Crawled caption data
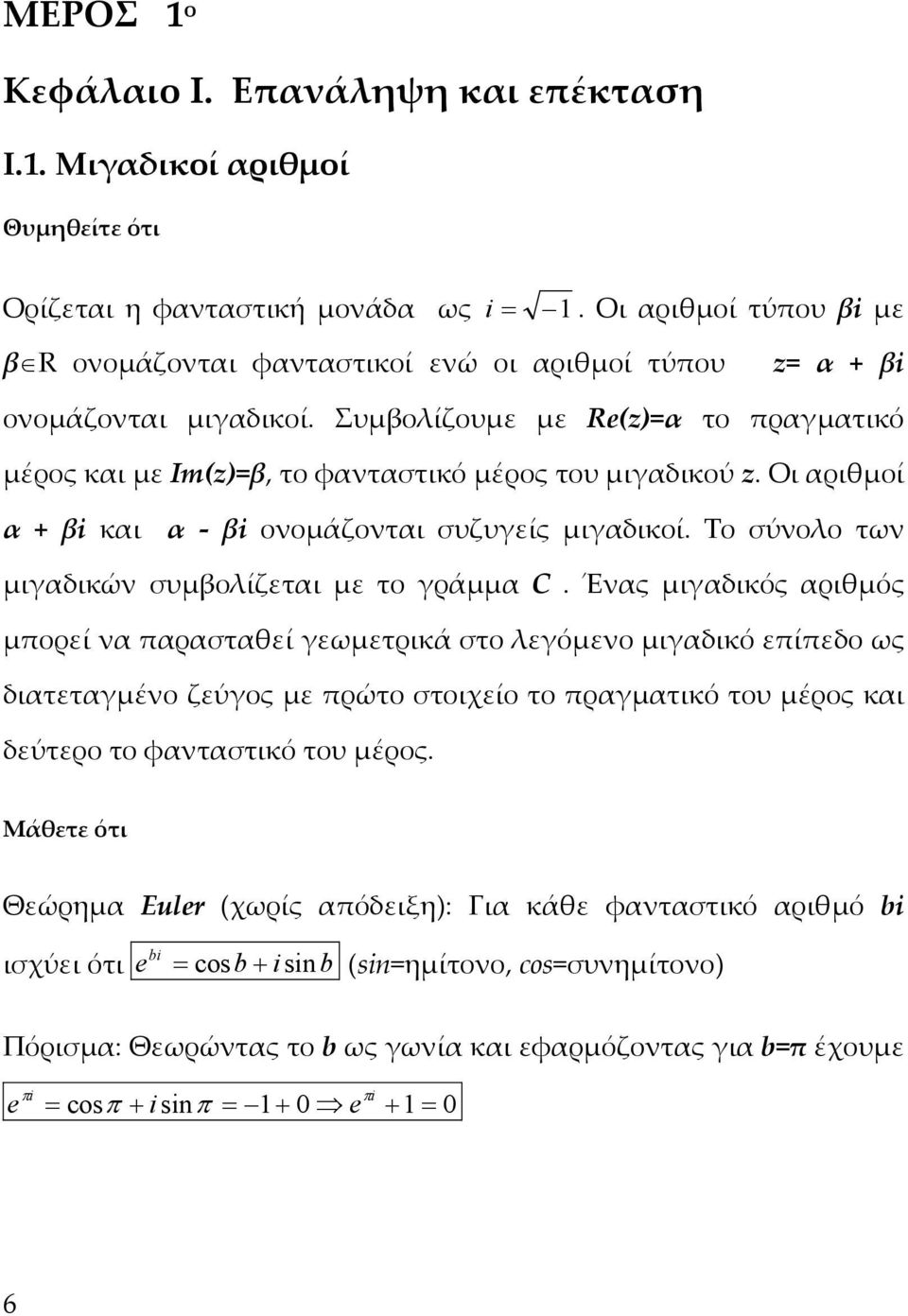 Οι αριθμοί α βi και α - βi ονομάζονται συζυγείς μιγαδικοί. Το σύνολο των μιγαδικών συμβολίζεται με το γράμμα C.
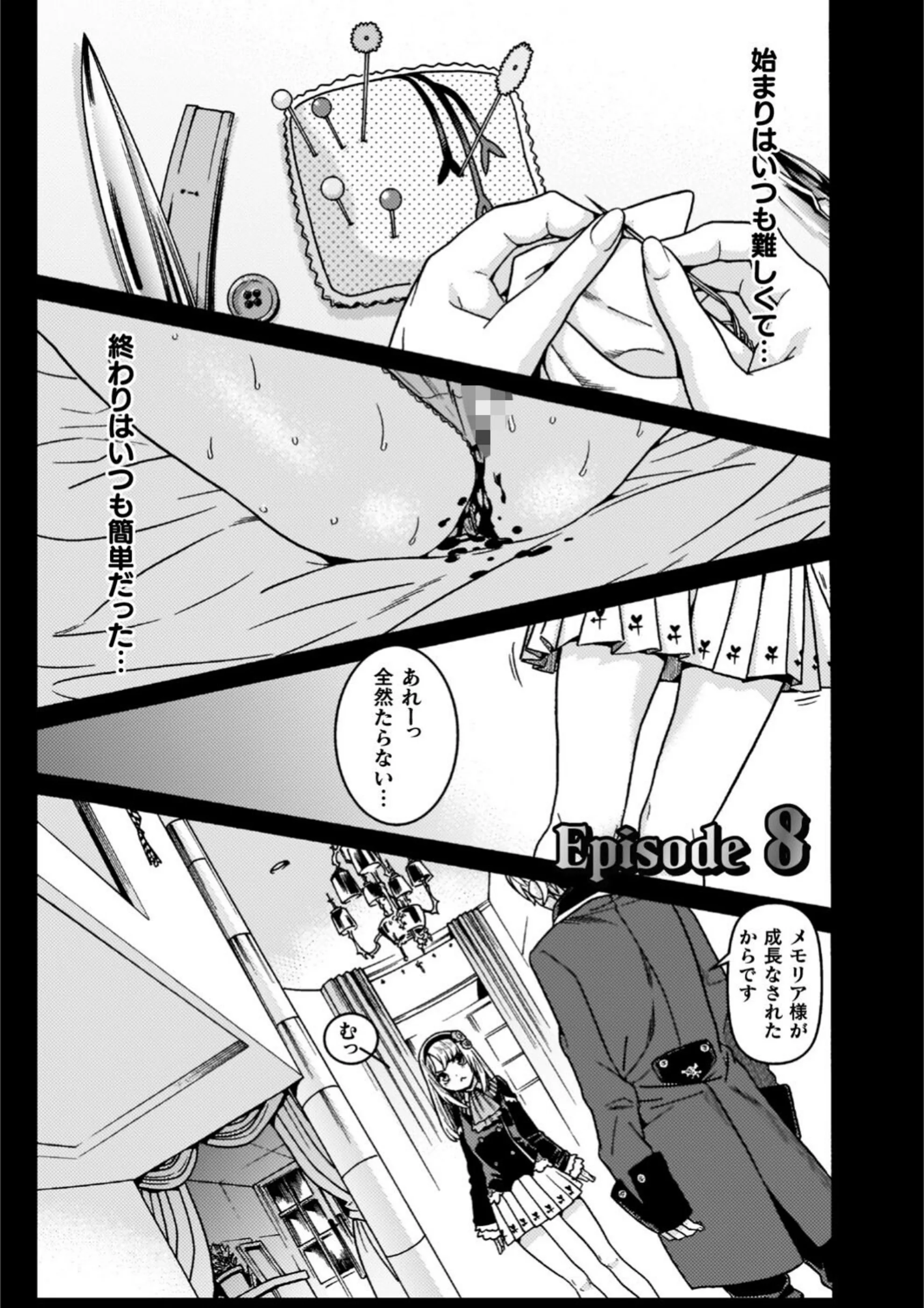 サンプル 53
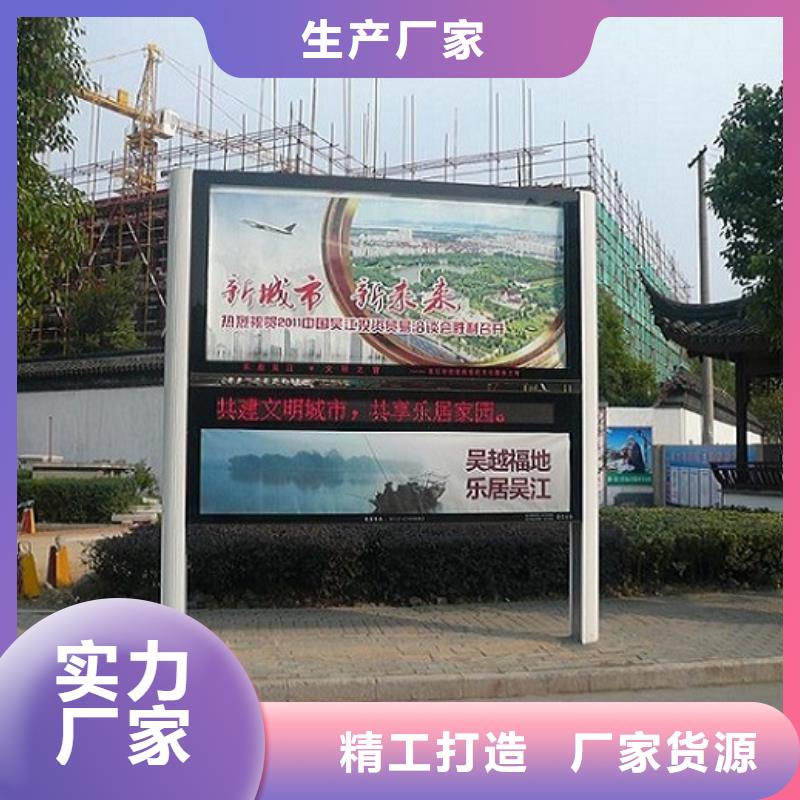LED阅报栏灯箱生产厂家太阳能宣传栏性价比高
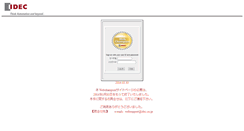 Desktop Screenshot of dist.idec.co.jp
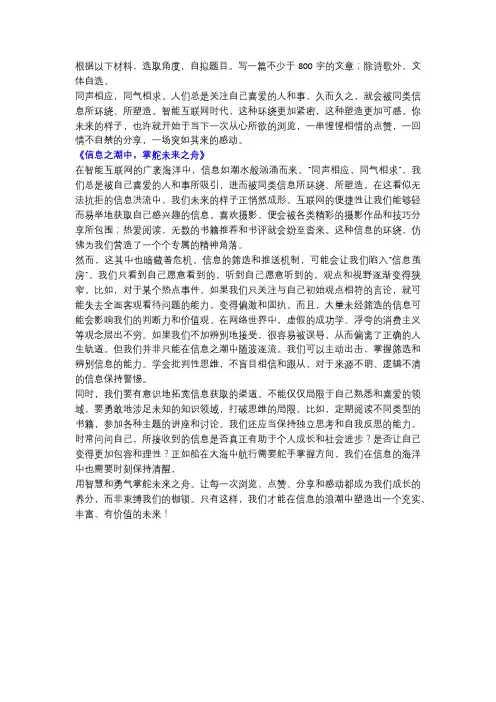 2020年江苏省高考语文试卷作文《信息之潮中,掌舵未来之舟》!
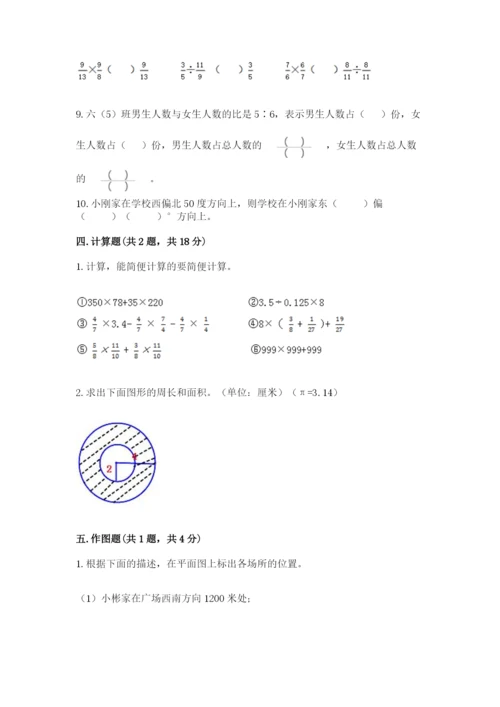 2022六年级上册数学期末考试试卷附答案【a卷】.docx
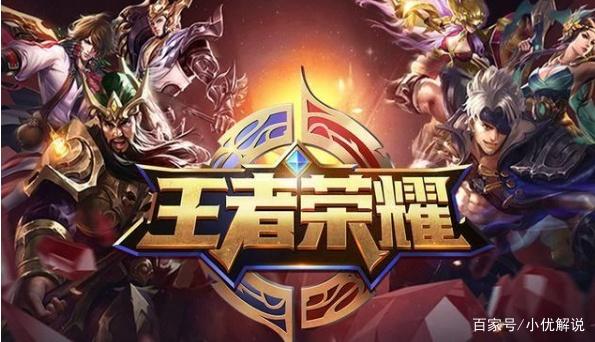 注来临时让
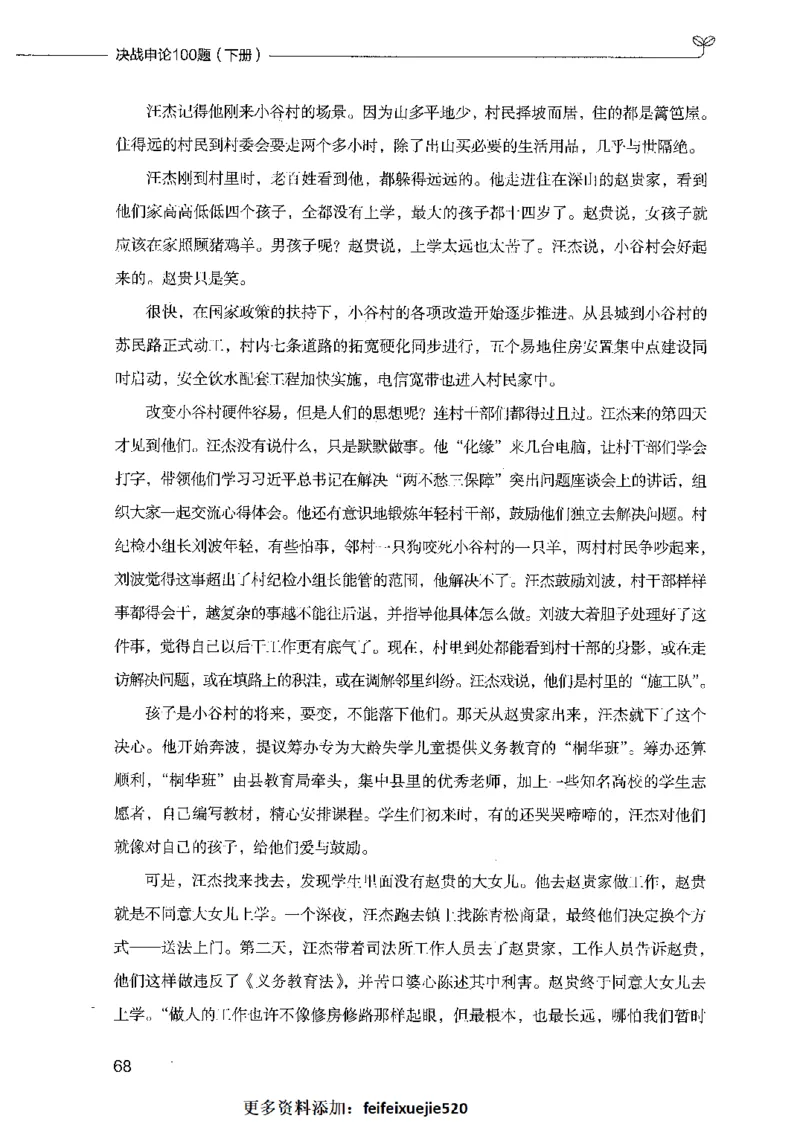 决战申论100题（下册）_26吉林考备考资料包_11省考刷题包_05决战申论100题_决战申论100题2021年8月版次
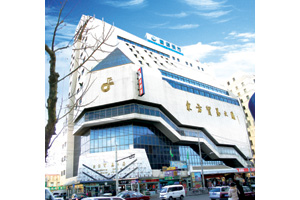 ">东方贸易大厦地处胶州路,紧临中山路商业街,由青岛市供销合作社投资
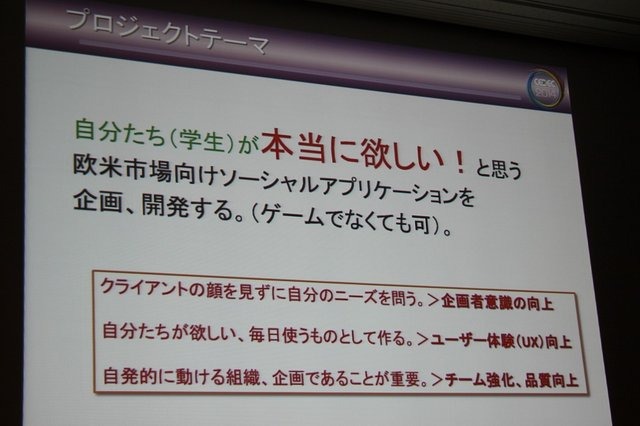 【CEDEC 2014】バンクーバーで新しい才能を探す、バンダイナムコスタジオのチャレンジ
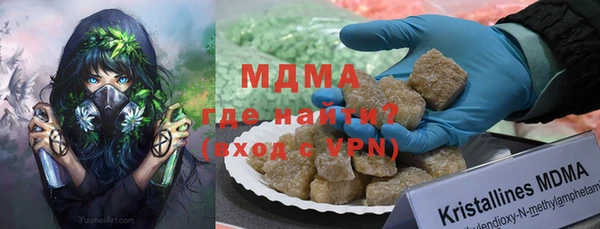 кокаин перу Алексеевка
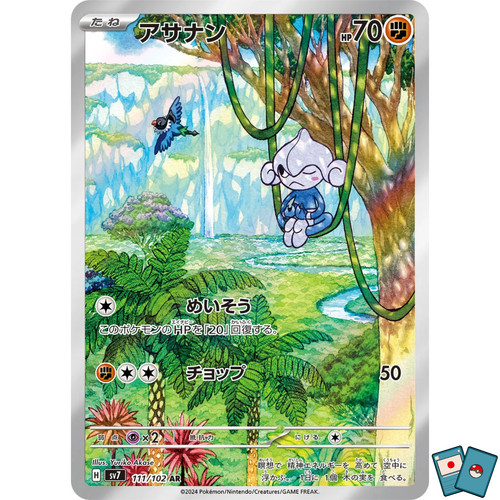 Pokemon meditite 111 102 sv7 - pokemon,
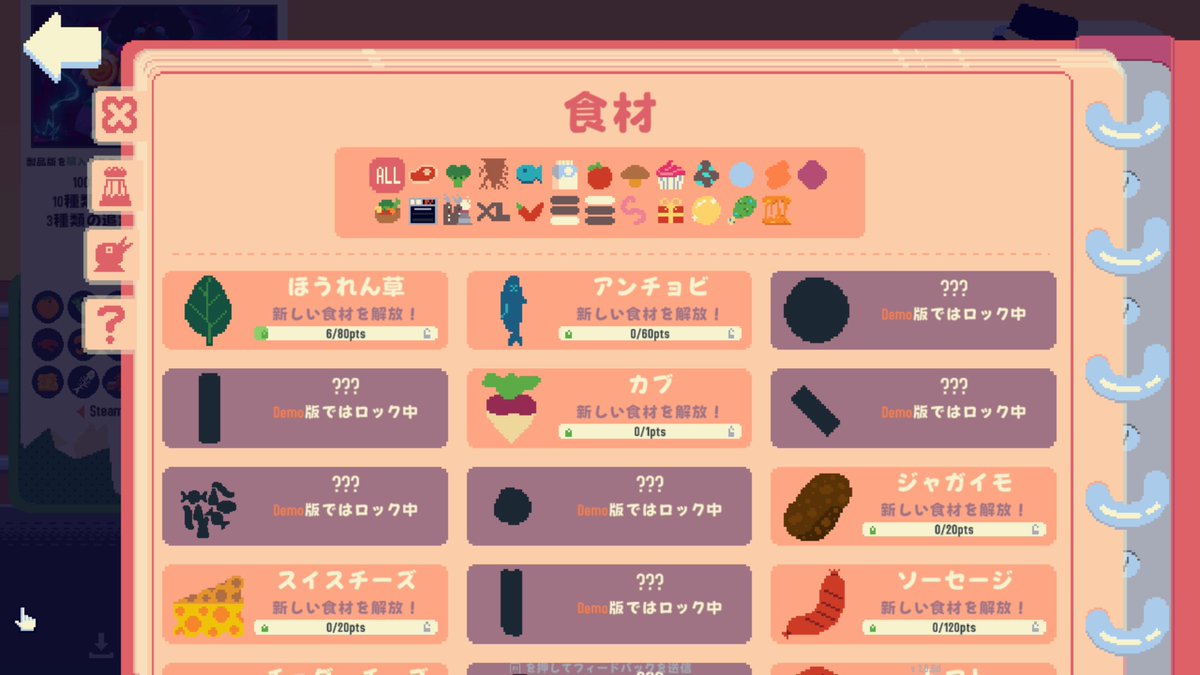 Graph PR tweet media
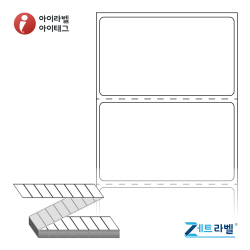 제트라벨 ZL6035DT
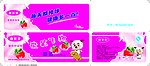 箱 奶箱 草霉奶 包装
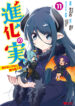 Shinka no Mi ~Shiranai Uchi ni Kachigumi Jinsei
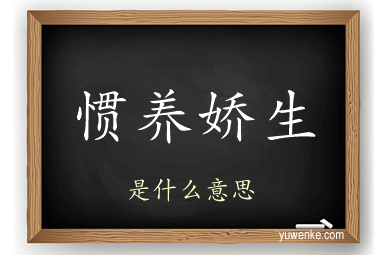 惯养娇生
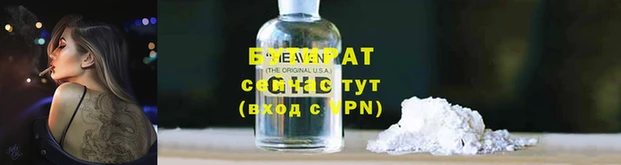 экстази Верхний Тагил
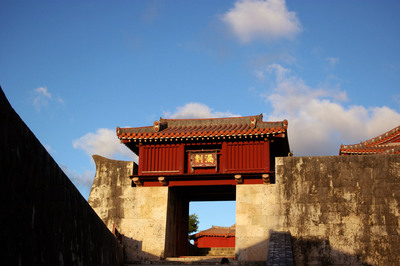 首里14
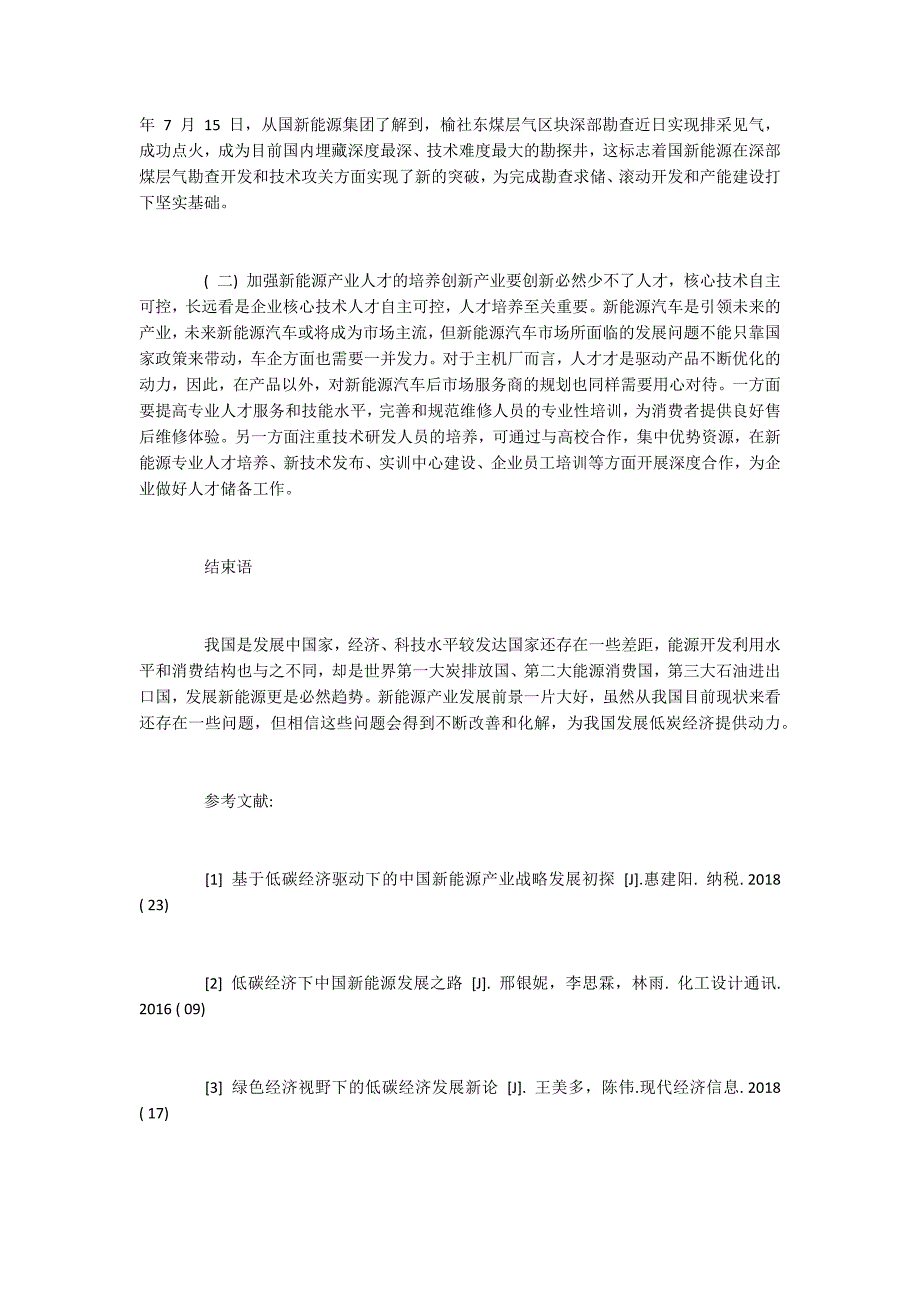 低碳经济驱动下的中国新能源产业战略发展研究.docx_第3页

Aim of the task
Which lines run from the one containing "제트라벨 ZL6035DT" to the end of the entries above? Write them out exactly, leaving out every picture.

Answer box
 제트라벨 ZL6035DT
 箱 奶箱 草霉奶 包装
 Shinka no Mi ~Shiranai Uchi ni Kachigumi Jinsei
 惯养娇生
 экстази Верхний Тагил
 首里14
 低碳经济驱动下的中国新能源产业战略发展研究.docx_第3页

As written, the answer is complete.